Luigi Von Kunits - Early Career

Early Career

During this time, however, he had composed a Violin Concerto and he had been asked to perform it with the Vienna Philarmonic Orchestra. It was so well received that he had no trouble obtaining a position with the Austrian Orchestra as it assistant conductor and concertmaster. It was also at this juncture that he decided to embark on a tour of the United States of America in 1893, abandoning the career chosen for him by his mother. His parents were heart-broken at his sudden departure.

After playing with the Austrian Orchestra at the Chicago World's Fair, and taking the first prize trophy in an open competition, he decided to remain in the U.S. The people of America took him to their heart as few nations did—certainly more quickly and generously than his native Austria, and not less so than Canada where he was to settle down later on in life.

In Chicago he taught violin and composition and led a String Quartet he personally founded. He came to Pittsburgh which had been without a professional symphony orchestra until 1895 when British conductor Frederic Archer took the baton. With Archer at the helm, von Kunits had organized and shaped an ensemble into a respectable orchestra. During the next 14 years, von Kunits was the Pittsburgh Symphony Orchestra's concertmaster, first violin, and assistant conductor to Frederic Archer (from 1896 to 1898), Victor Herbert (from 1898 to 1904), and finally Emil Pauer (from 1904 to 1910) when the orchestra came into financial difficulties and was dissolved.

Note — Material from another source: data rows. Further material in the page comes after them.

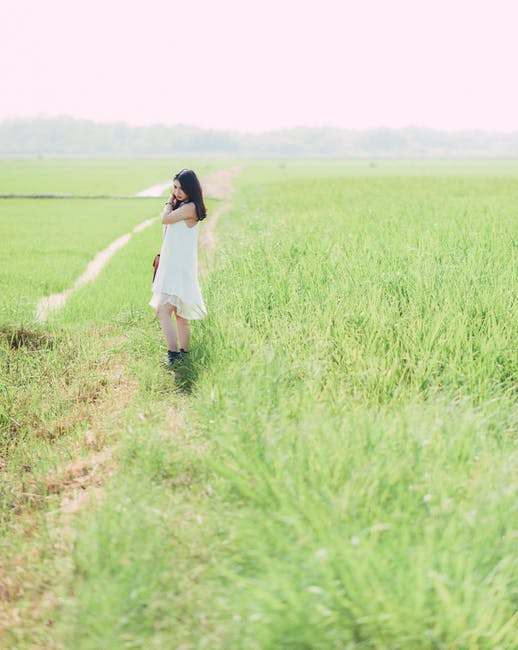 穿着白色衣服的女人站在绿色的草地上
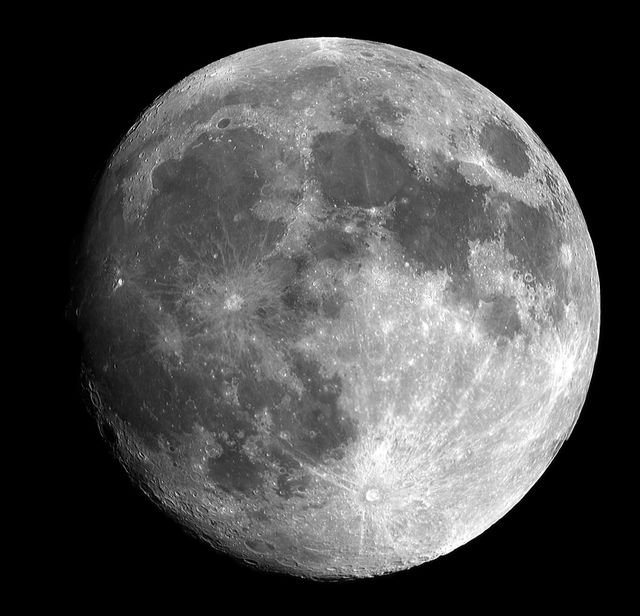 Captures detailed image of the full moon with visible craters and lunar surface features in a dark night sky. Ideal for astronomy enthusiasts, educational purposes, space-themed presentations, and backgrounds for science-related content.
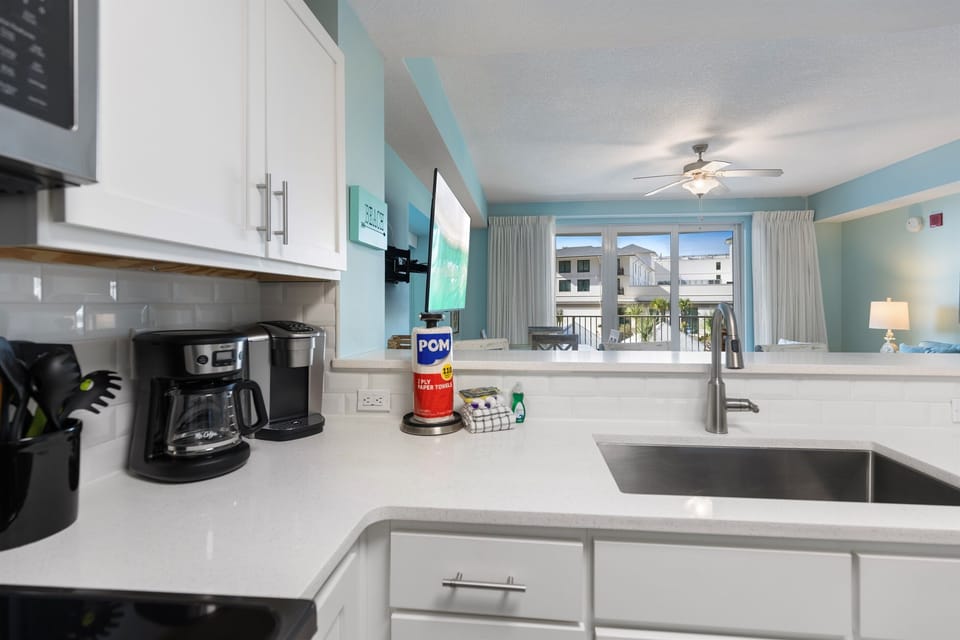 Your fully equipped kitchen features modern appliances and opens to the living area, perfect for preparing meals while staying connected with family.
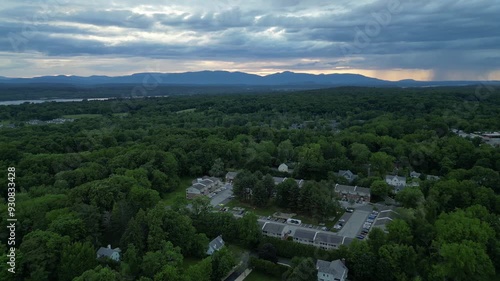 aerial drone view of rhinebeck new york (small town in hudson valley) university college city (sunset dusk mountains in distance) main street photo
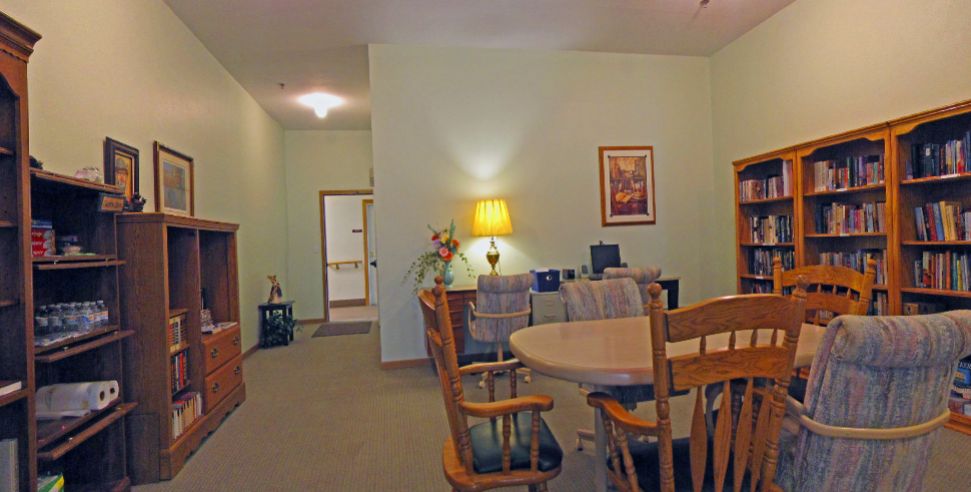 A cozy dining room with a wooden table, chairs, and soft lighting.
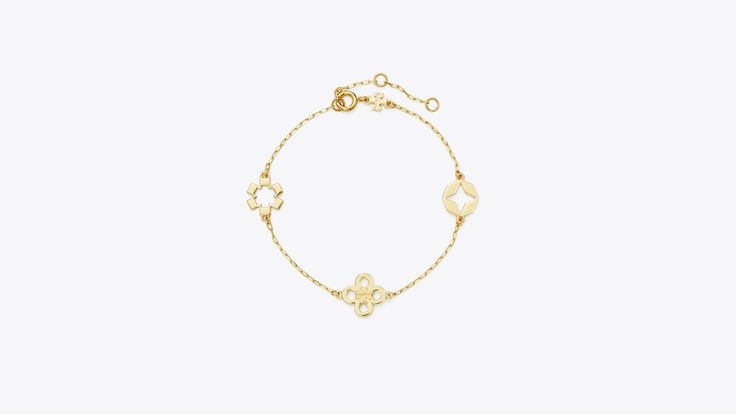 Kira Clover Bracelet: Women's Designer Bracelets | Tory Burch Elegant Good Luck Bracelet Jewelry, Elegant Good Luck Jewelry Bracelet, Clover Bracelet, Designer Bracelets, Free Bracelet, Hinged Bracelet, Luck Charms, Flower Bracelet, Stud Earrings Set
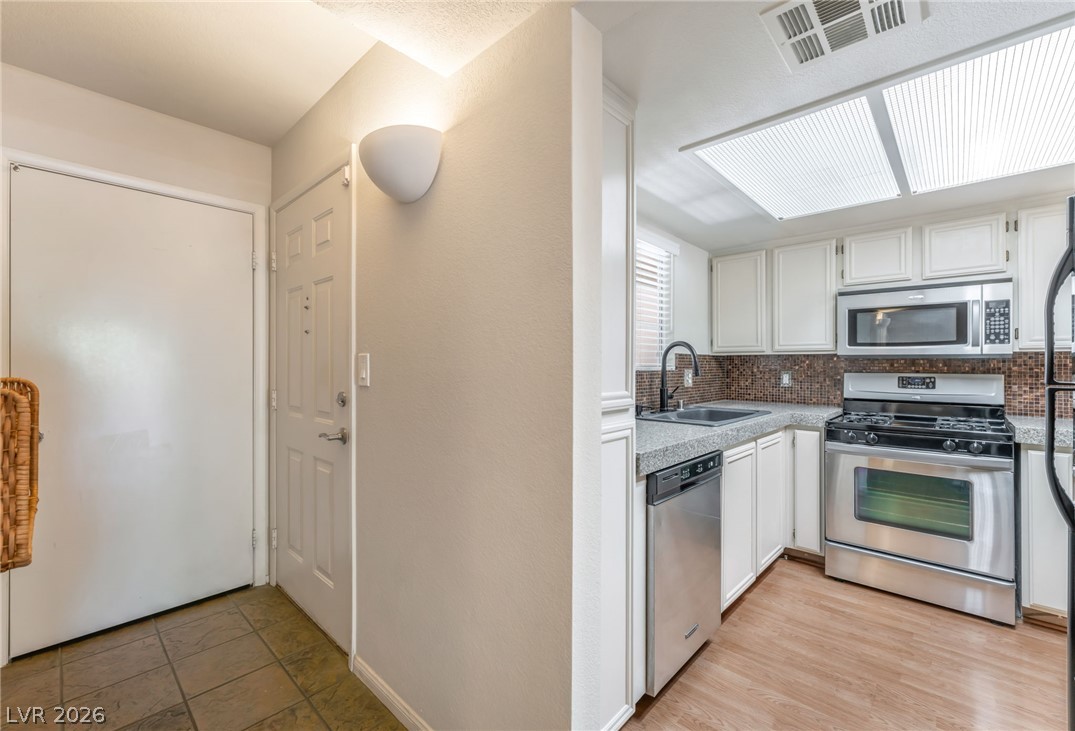 1901 Rio Canyon Court, Unit 102 Las Vegas, NV 89128 - Photo 4 of 23 A compact kitchen with sleek appliances and practical tile flooring awaits culinary endeavors.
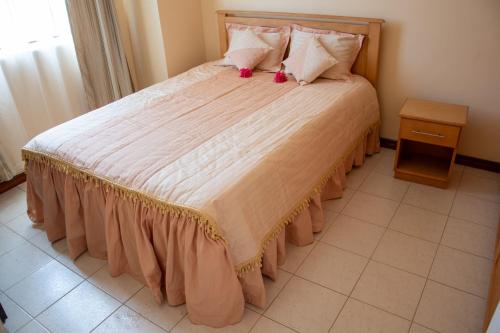 Postel nebo postele na pokoji v ubytování Villa Le Gerbera
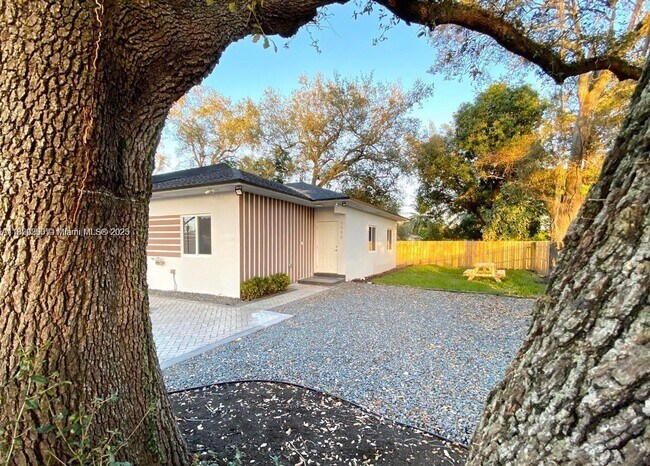 Building Photo - 9995 NW 23rd Ave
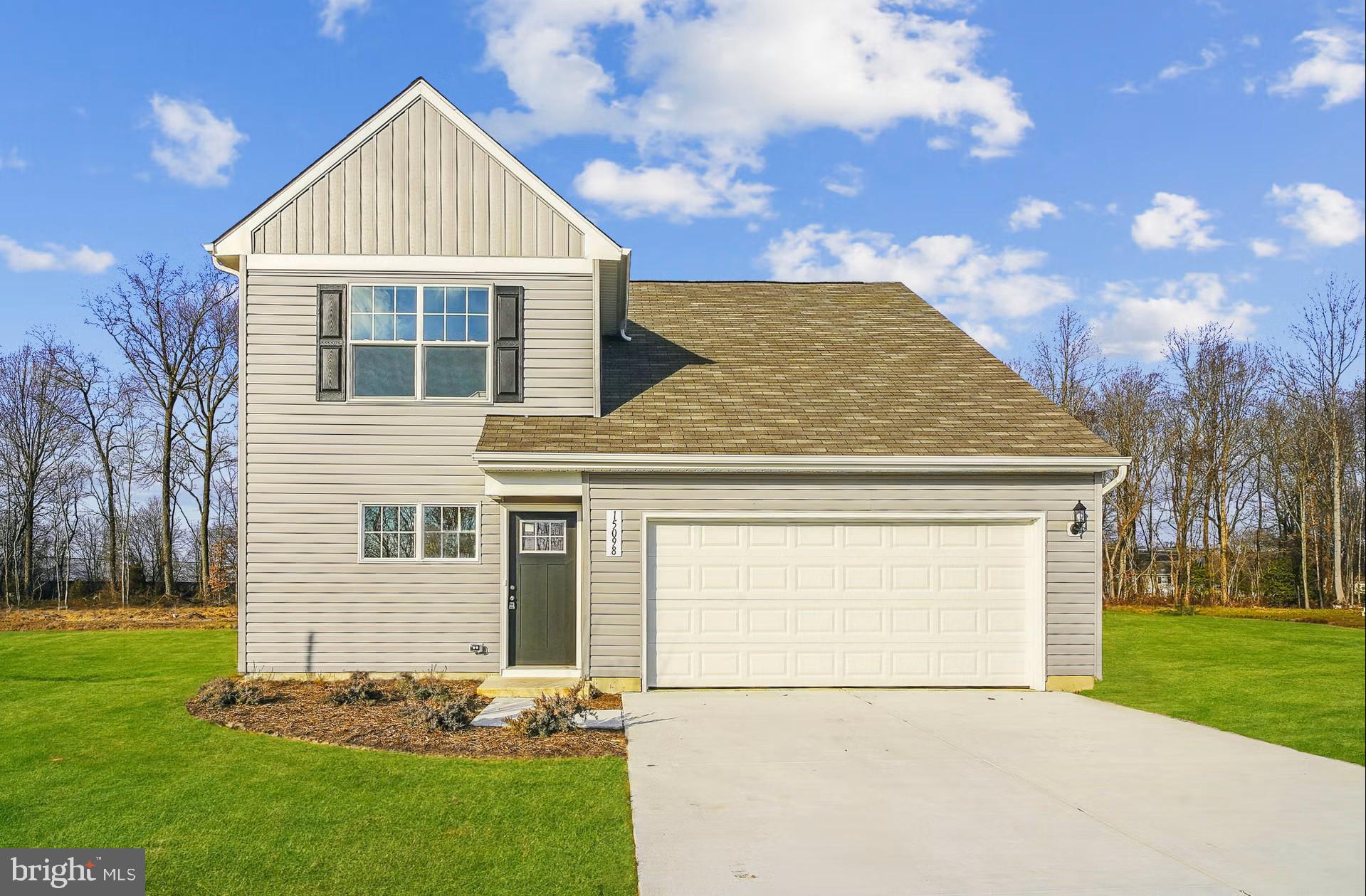 a front view of a house with a garden and yard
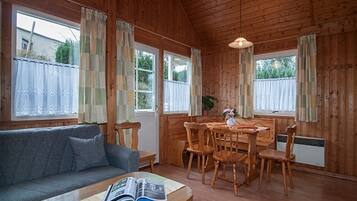 A cozy room with a wooden interior, a sofa, a dining table with chairs, and a window with curtains.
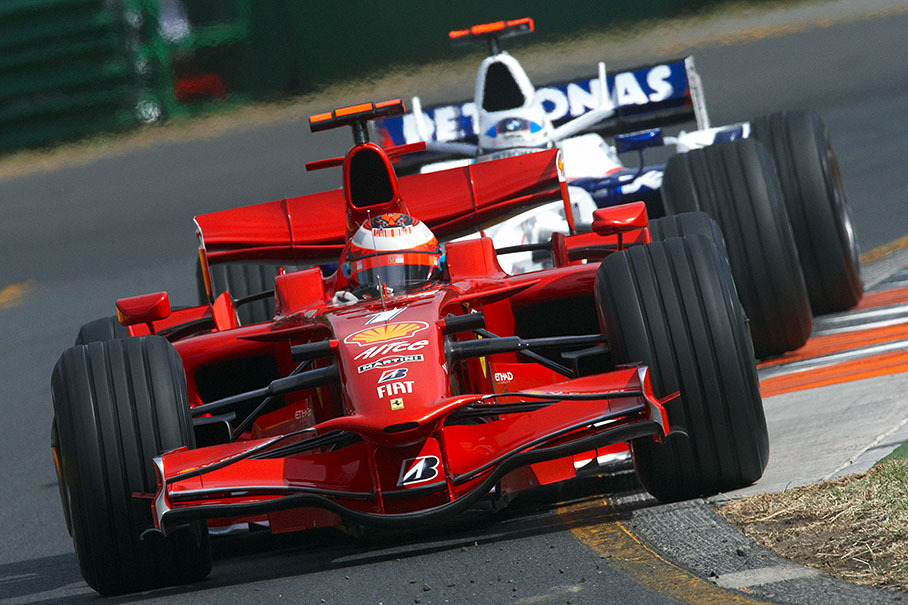Ferrari driver Kimi Raikkonen in front of BMW Sauber's Nick Heidfeld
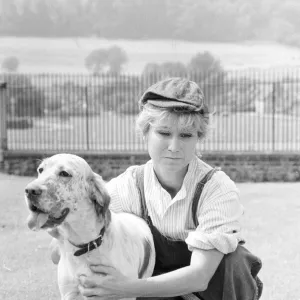 Felicity Kendal dressed as a gardener with a dog July 1982 whilst filming a new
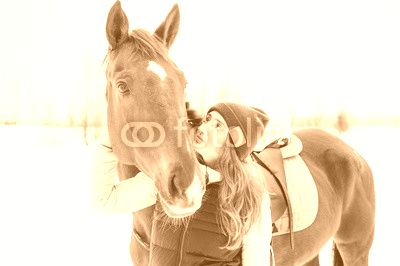 Female rider and horse in the open air. portrait of a beautiful young woman with her stallion, outdoors in winter. girl hugging and caressing the animal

Also, it was in the United States that he first became aware of his Serbian roots. At Chicago's Columbian Exposition he witnessed Nikola Tesla's alternating current system running everything mechanical, not to mention the illumination of the entire exposition itself. In Pittsburgh he saw Serbian steelworkers forming one of the oldest Serbian fraternal organizations (the Serb National Federation) in 1901, and in 1907, merging with Michael I. Pupin's Sloga (Unity). From then on, von Kunits always maintained that he was by descent a Serbian though his training was Austrian. After all, the Austro-Hungarian Empire of which Vienna was the capital, was a multi-national assemblage, yet there is no question that 'Austrian' can be used to denote certain characteristics shared by these twenty-five million different nationals.